- What is required: Everything from the line holding "Esme Gray Moissanite" through the last line of the data, and nothing else, should be retyped exactly, with no pictures.

- Material supplied:
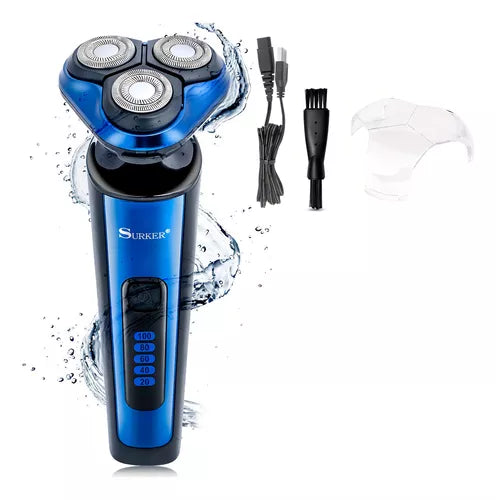 Afeitadora Eléctrica Portátil Ipx7 Recargable Surker Sk-9658 Color Azul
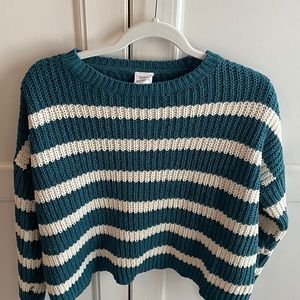 Teal and cream striped sweater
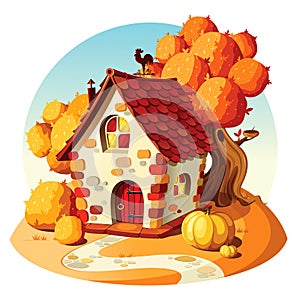 Rustic stone house. Autumn landscape.
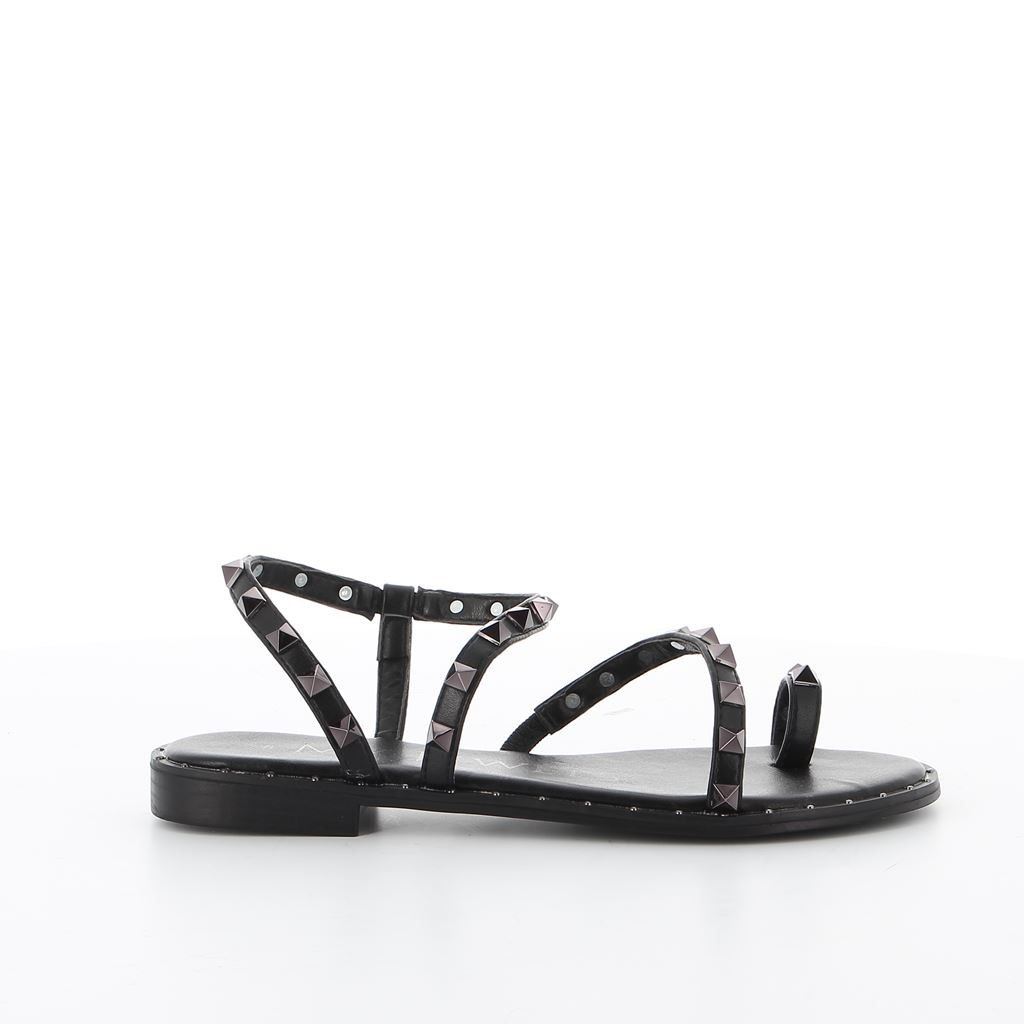 Sandali Bassi Infradito con Cerchi e Borchie Flat Vera Pelle Nero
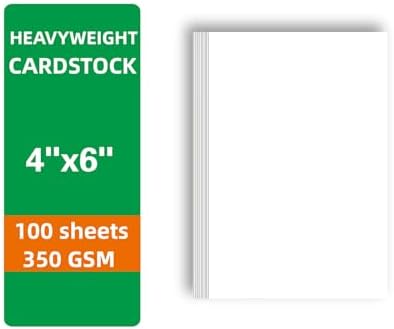 100 Sheets Blank White Cardstock 4" x 6" Thick Paper 130lb/350gsm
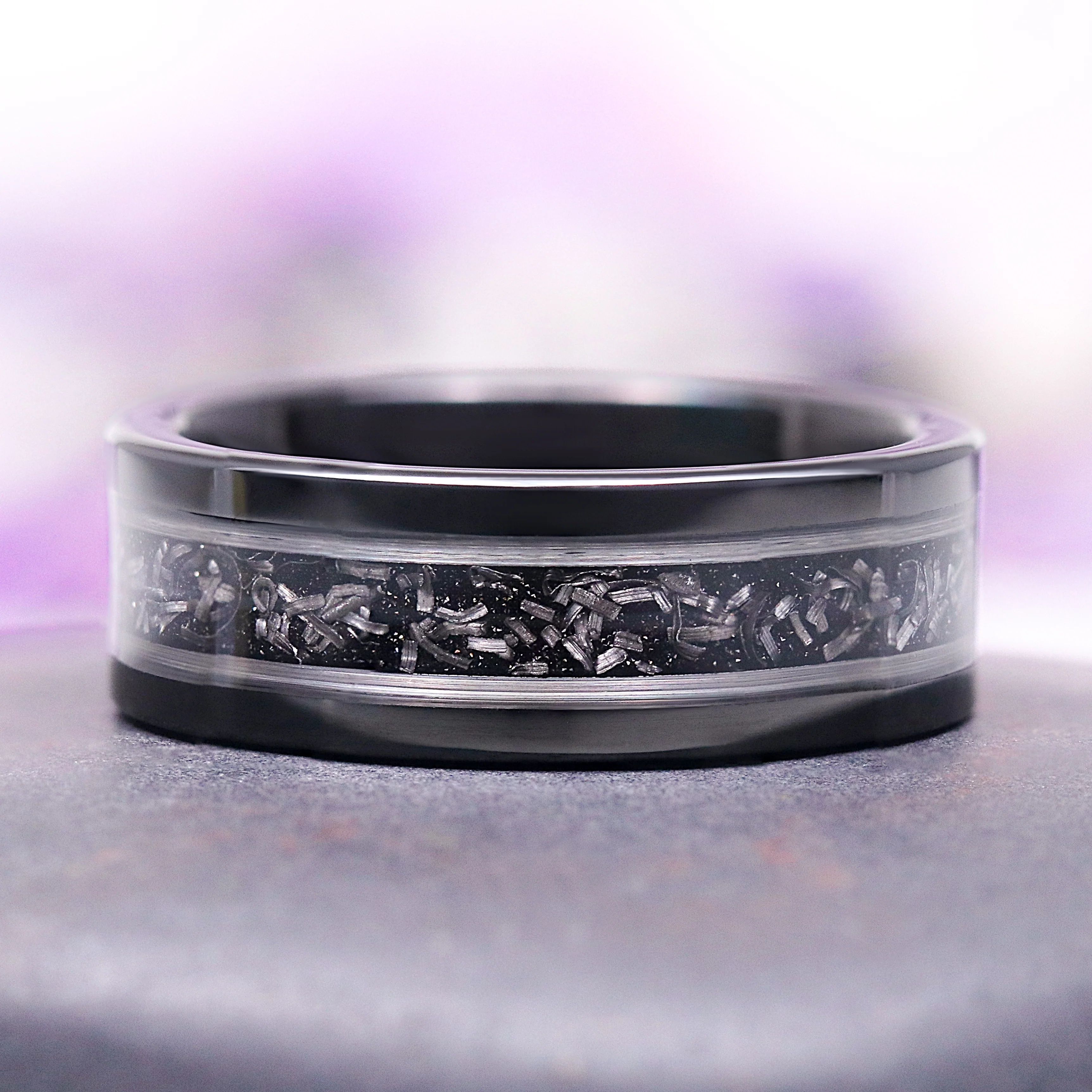 Esme Gray Moissanite and Meteorite Couples Ring Set - Image 3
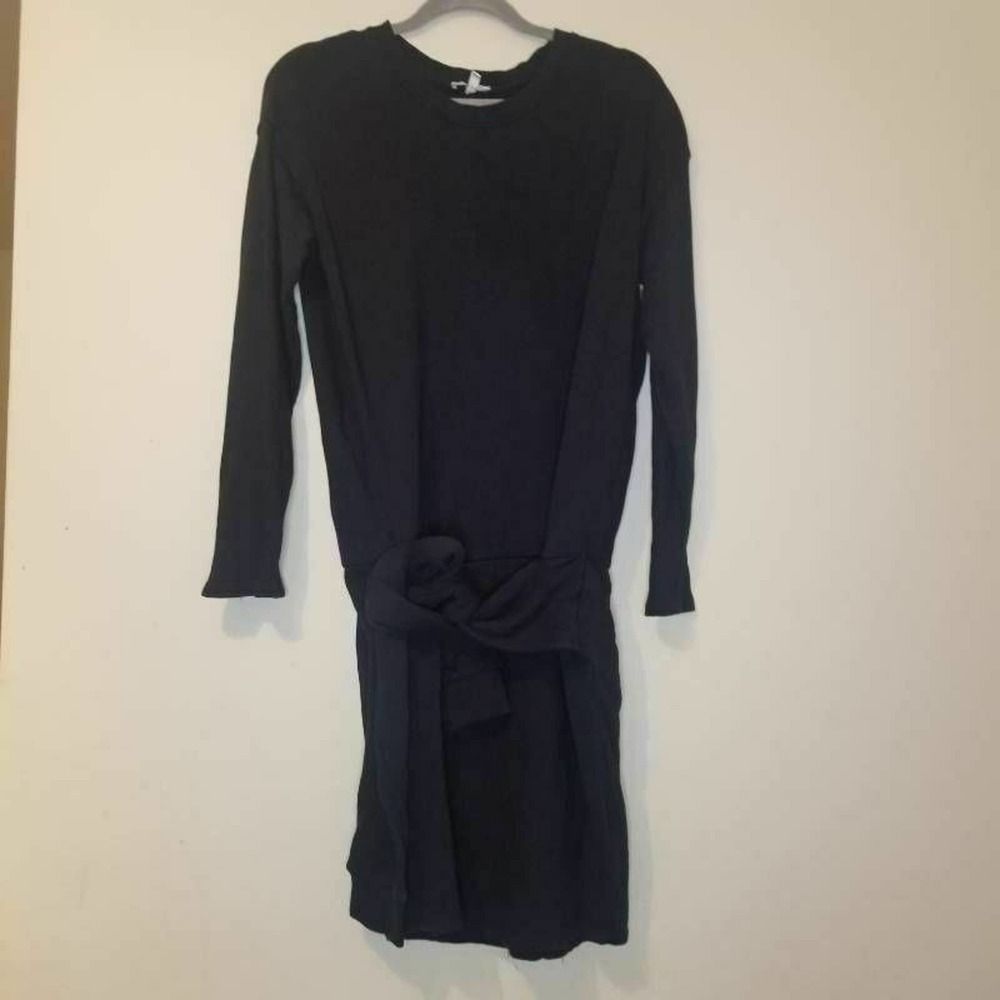 Jore Lucya Sweater Dress Black Tie Waist Cotton
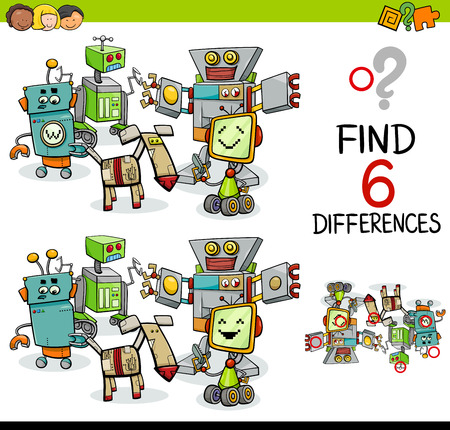 Cartoon Illustration of Finding the Difference Educational Activity for Children with Robot Charactersのイラスト素材
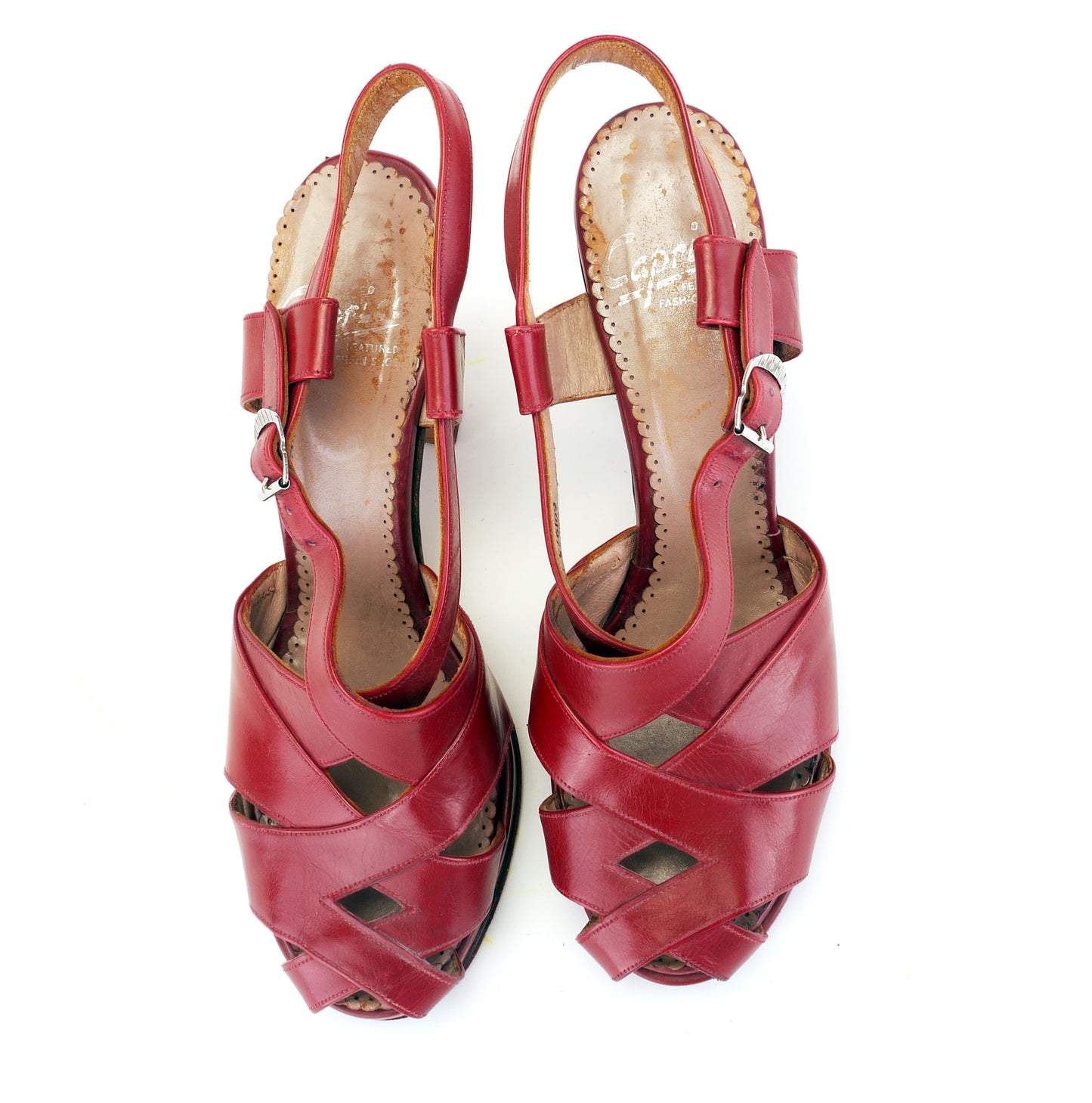 1940s Red Platform Sandals by Caprice UK 6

- Exercise response:
 Esme Gray Moissanite and Meteorite Couples Ring Set - Image 3
 Jore Lucya Sweater Dress Black Tie Waist Cotton
 Cartoon Illustration of Finding the Difference Educational Activity for Children with Robot Charactersのイラスト素材
 1940s Red Platform Sandals by Caprice UK 6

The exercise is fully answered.